**** INFORMATION SHOWN ****

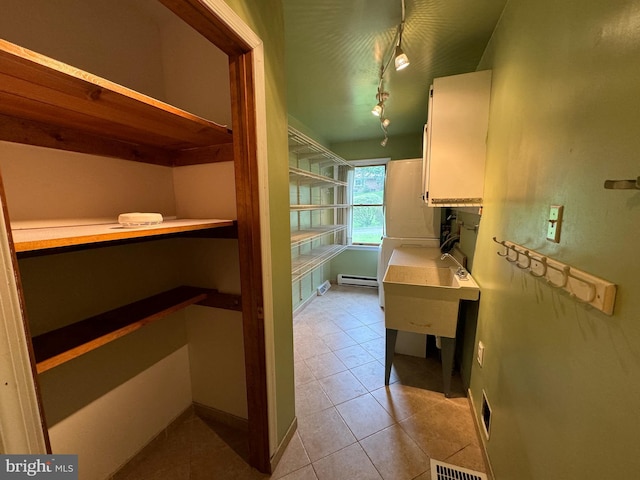 400 27th St, Huntingdon, PA 16652 - interior space featuring built in desk, a baseboard heating unit, and light tile patterned flooring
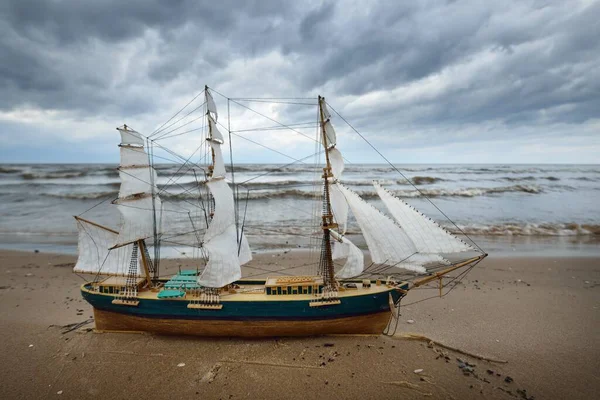 Antiquarian wooden scale model of the clipper tall ship, close-up. Dramatic sky, sandy shore (sand dunes) of the Baltic sea. Traditional craft, souvenir, toy, hobby, vintage, collecting, modeling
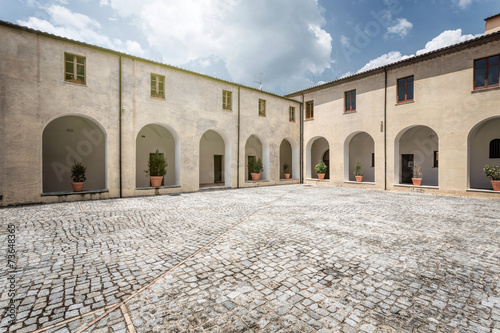 Fotografie, Obraz Empty cobblestone court surrounded by arcades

****

**WHAT THE TASK REQUIRES**
Write the lines from the one containing "Antiquarian wooden scale" through the end of the data above exactly as they appear, and do not carry over any picture.

**RESULT FOR THIS EXERCISE**
 Antiquarian wooden scale model of the clipper tall ship, close-up. Dramatic sky, sandy shore (sand dunes) of the Baltic sea. Traditional craft, souvenir, toy, hobby, vintage, collecting, modeling
 Fotografie, Obraz Empty cobblestone court surrounded by arcades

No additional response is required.